In your copy, repeat each record exactly and include no pictures.

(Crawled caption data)
* * * *

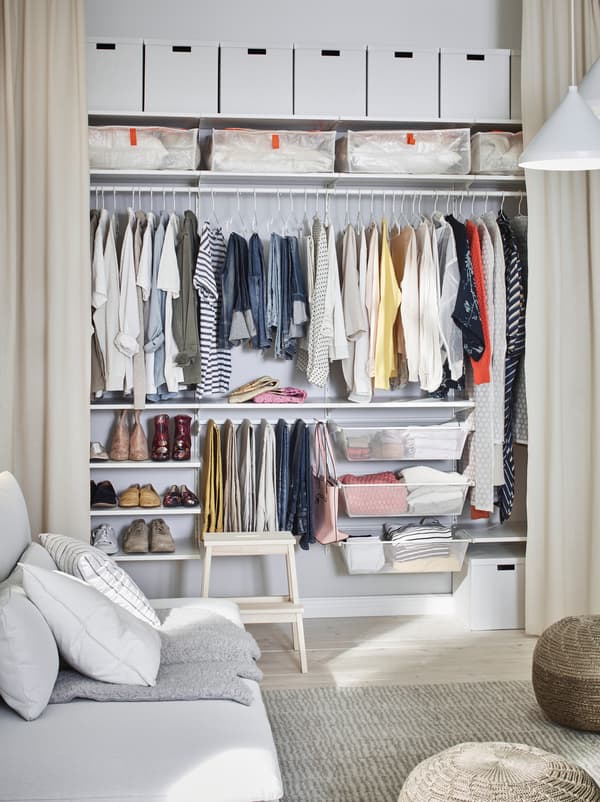 Room where one wall is fitted with open, floor-length curtains, revealing a wall-wide BOAXEL wardrobe arrangement.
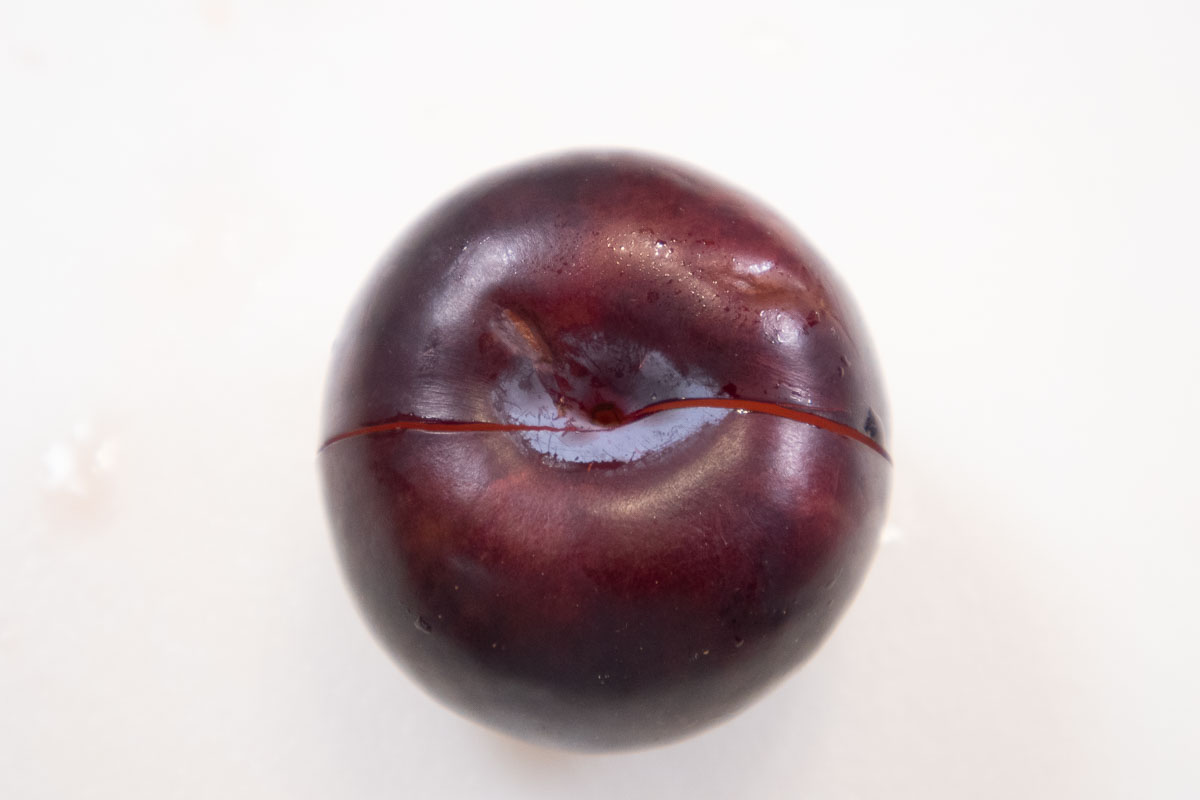 The plum is cut around it equator in order to separate it.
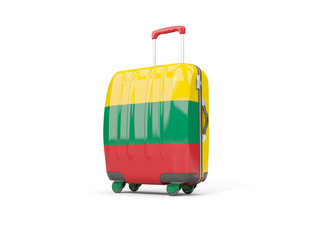 Luggage with flag of lithuania. Suitcase isolated on white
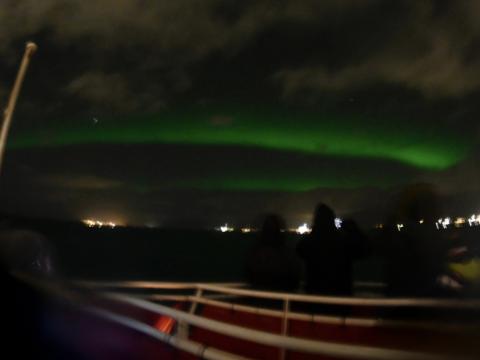 northern lights and passengers on a boat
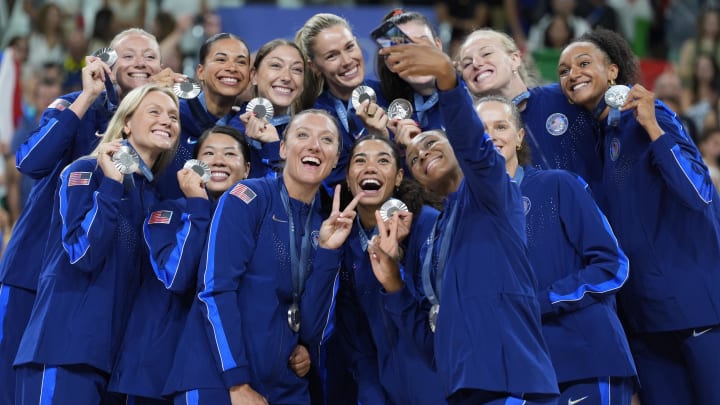 United States volleyball players celebrate with their silver medals 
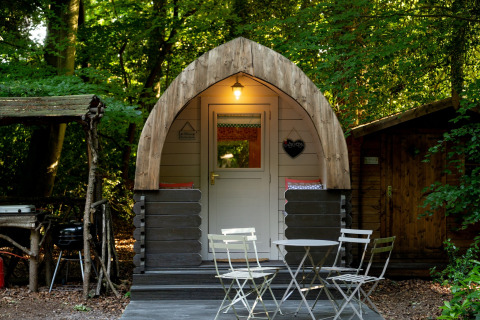 Knusse Daisy Glamping Pod met buitenterras in een bosrijke omgeving in het Verenigd Koninkrijk.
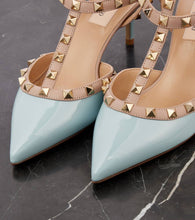 Valentino Garavani Rockstud Caged 65 patent leather pumps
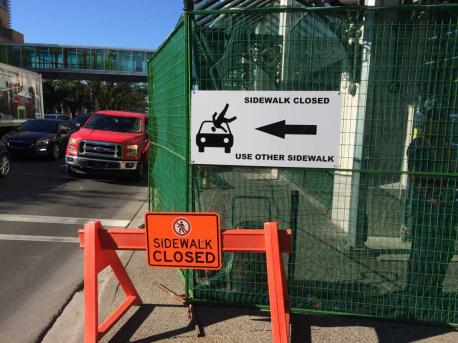 Construction crews placed the above sign as a warning to pedestrians. What do you think of this sign?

* * * *

**Answer space**
 Room where one wall is fitted with open, floor-length curtains, revealing a wall-wide BOAXEL wardrobe arrangement.
 The plum is cut around it equator in order to separate it.
 Luggage with flag of lithuania. Suitcase isolated on white
 northern lights and passengers on a boat
 United States volleyball players celebrate with their silver medals 
 Knusse Daisy Glamping Pod met buitenterras in een bosrijke omgeving in het Verenigd Koninkrijk.
 Valentino Garavani Rockstud Caged 65 patent leather pumps
 Construction crews placed the above sign as a warning to pedestrians. What do you think of this sign?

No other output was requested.